Über viele Jahre hinweg fuhr Sat.1 mit seiner Programmierung prächtig, doch zuletzt setzte bei den Zuschauern dann doch eine gewisse Krimi-Müdigkeit ein. Als die einstelligen Marktanteile häufiger wurden, gab sich Sat.1 im vorigen Herbst allerdings noch einmal ähnlich mutig wie in besagtem Sommer vor mehr als zehn Jahren. Überraschend wie einst die Krimis, schob der Sender mit "The Voice of Germany" sein stärkstes Zugpferd auf den am härtesten umkämpften Abend der Woche - und wurde mit Marktanteilen von teils mehr als 20 Prozent beim jungen Publikum belohnt.

Dass es für Shows einen Markt gibt, stellt Vox bereits seit einiger Zeit unter Beweis.

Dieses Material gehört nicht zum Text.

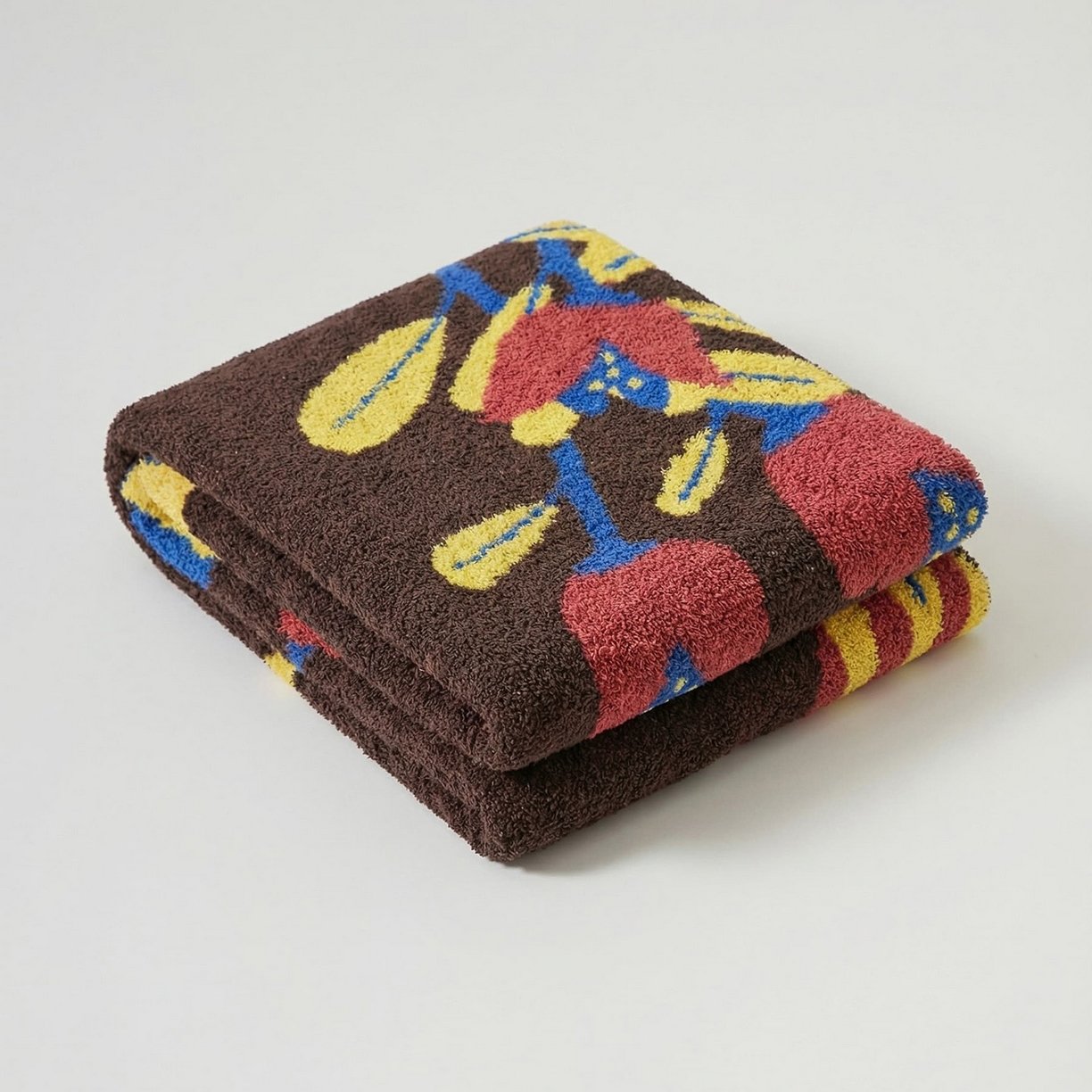 Folded Brown Half Fleece Knitted Throw Blanket with Floral Vase Pattern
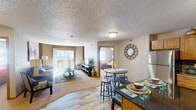 Located at 1301 31st Ave SW in Minot, North Dakota, this single-floor residence offers a thoughtfully designed open-concept layout that seamlessly connects the kitchen, dining, and living areas. The kitchen is a standout feature, showcasing warm oak cabinetry, granite countertops, a mosaic tile backsplash, stainless steel appliances, and a central island with bar seating — ideal for both everyday meals and entertaining. Wood-look flooring extends throughout the main living areas, adding a clean, contemporary feel. The dining area accommodates a round table with bar-height seating, while the living room offers generous space filled with natural light from a sliding glass door that leads to a private balcony. Multiple bedrooms are carpeted for comfort, each equipped with a ceiling fan, natural light from large windows, and ample closet space. The bathroom features a granite-topped vanity with oak cabinetry, a tub-shower combination, a large mirror, and wood-look flooring that complements the rest of the unit. A hallway connecting the bedrooms and bathroom provides additional storage. The overall ambiance is warm and functional, with neutral tones and consistent finishes creating a cohesive living environment throughout the home.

Längst mauserte sich die einst angestaubte "Kocharena" in Form von "Grill den Henssler" zum Riesen-Erfolg für den Kölner Sender, der als erstes die Lücke erkannt hat. Zuletzt erreichten Show-Formate über alle Kanäle hinweg zusammengerechnet rund ein Drittel des jungen Publikums - es besteht also durchaus ein Bedarf an diesem Genre. Das Problem: Offenkundig lassen sich die Zuschauer nicht jede Show am Sonntagabend vorsetzen, wie Sat.1 kürzlich zu spüren bekam.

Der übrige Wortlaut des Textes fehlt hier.